_BRIEF_:
Pictures in the listing below are skipped, while the lines from the "Cyan Blauwe Onregelmatige" line through the "Beige openwork loafers from Ekozamszu" line are returned word for word.

_DATA SHOWN_:
++++++

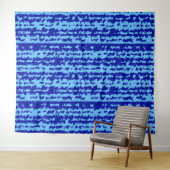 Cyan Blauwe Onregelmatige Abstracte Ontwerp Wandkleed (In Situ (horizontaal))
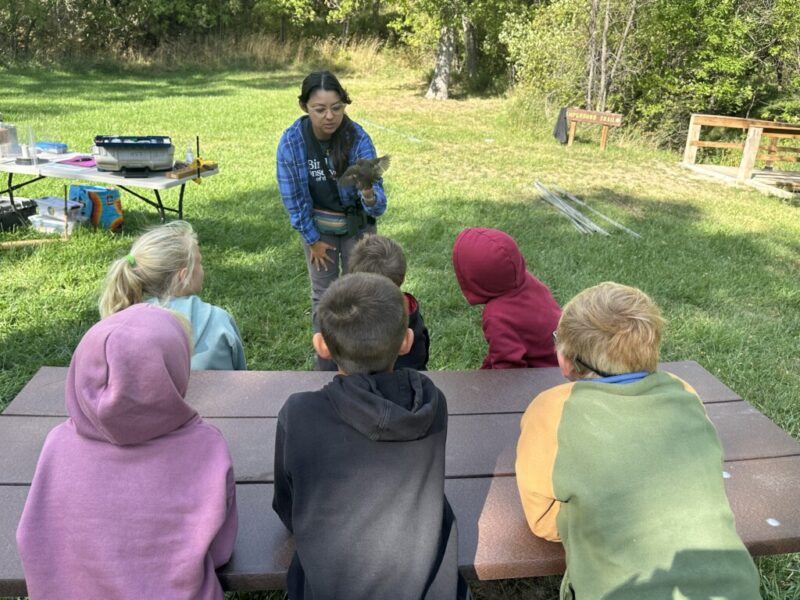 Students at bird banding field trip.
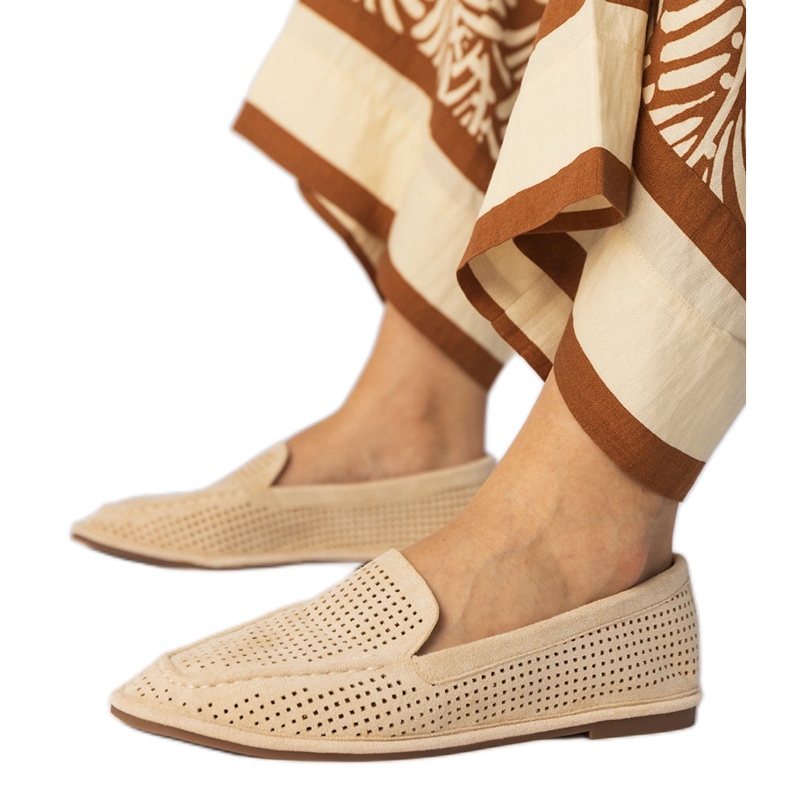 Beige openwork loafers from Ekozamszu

++++++

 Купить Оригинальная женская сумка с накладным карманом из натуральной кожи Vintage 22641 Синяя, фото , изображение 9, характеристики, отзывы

++++++

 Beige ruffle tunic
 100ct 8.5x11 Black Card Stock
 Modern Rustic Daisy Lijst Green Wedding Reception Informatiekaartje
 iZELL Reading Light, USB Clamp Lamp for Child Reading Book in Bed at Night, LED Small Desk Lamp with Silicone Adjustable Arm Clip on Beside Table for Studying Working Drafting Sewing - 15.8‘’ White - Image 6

++++++

_RESPONSE TO THIS TASK_:
 Cyan Blauwe Onregelmatige Abstracte Ontwerp Wandkleed (In Situ (horizontaal))
 Students at bird banding field trip.
 Beige openwork loafers from Ekozamszu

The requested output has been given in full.